Hugh Jackman został kolejnym aktorem, który uzupełnił obsadę satyrycznej komedii "Butter". Australijczyk miał co prawda rozpocząć w tym miesiącu prace na planie komedii "Avon Man", jak się jednak okazało, produkcja tego tytułu została wstrzymana.

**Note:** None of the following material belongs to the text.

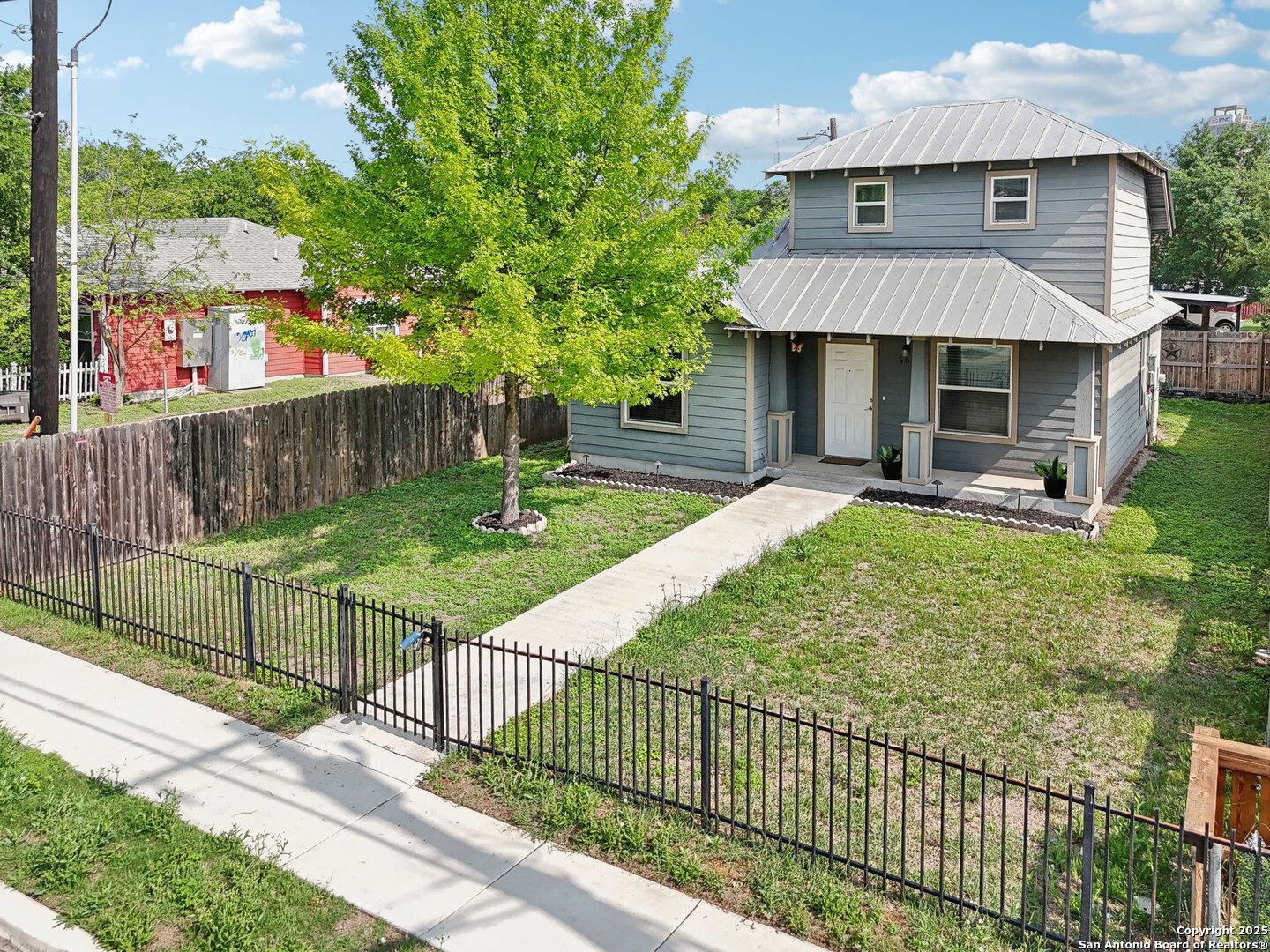 602 W Euclid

Scenariusz, na którego podstawie powstaje "Butter", trafił w zeszłym roku na szczyt Czarnej Listy (listy najlepszych niewyprodukowanych scenariuszy w Hollywood) i skupia się na losach pochodzącej z Iowa kobiety, która zamierza zdobyć tytuł w konkursie na najlepszą rzeźbę w maśle, należący niegdyś do jej męża. Pokrzyżować jej plany może tylko młoda czarna dziewczyna.

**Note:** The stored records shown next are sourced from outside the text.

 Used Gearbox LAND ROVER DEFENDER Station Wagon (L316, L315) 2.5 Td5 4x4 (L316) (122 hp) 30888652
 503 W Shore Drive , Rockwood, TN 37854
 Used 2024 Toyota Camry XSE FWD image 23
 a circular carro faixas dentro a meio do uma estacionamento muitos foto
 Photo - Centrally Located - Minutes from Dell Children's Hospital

Jackman miałby zagrać dawną miłość granej przez Garner postaci. W filmie zobaczymy również Olivię Wilde i Alicię Silverstone (o czym informowaliśmy wczoraj) oraz Ashley Greene i Roba Corddry'ego.
Obraz ma być polityczną satyrą stanowiącą poniekąd lustrzane odbicie wydarzeń z 2008 roku i walki prowadzonej pomiędzy Hillary Clinton, a Barackiem Obamą o prezydencki fotel. Za kamerą filmu stanie Jim Field Smith.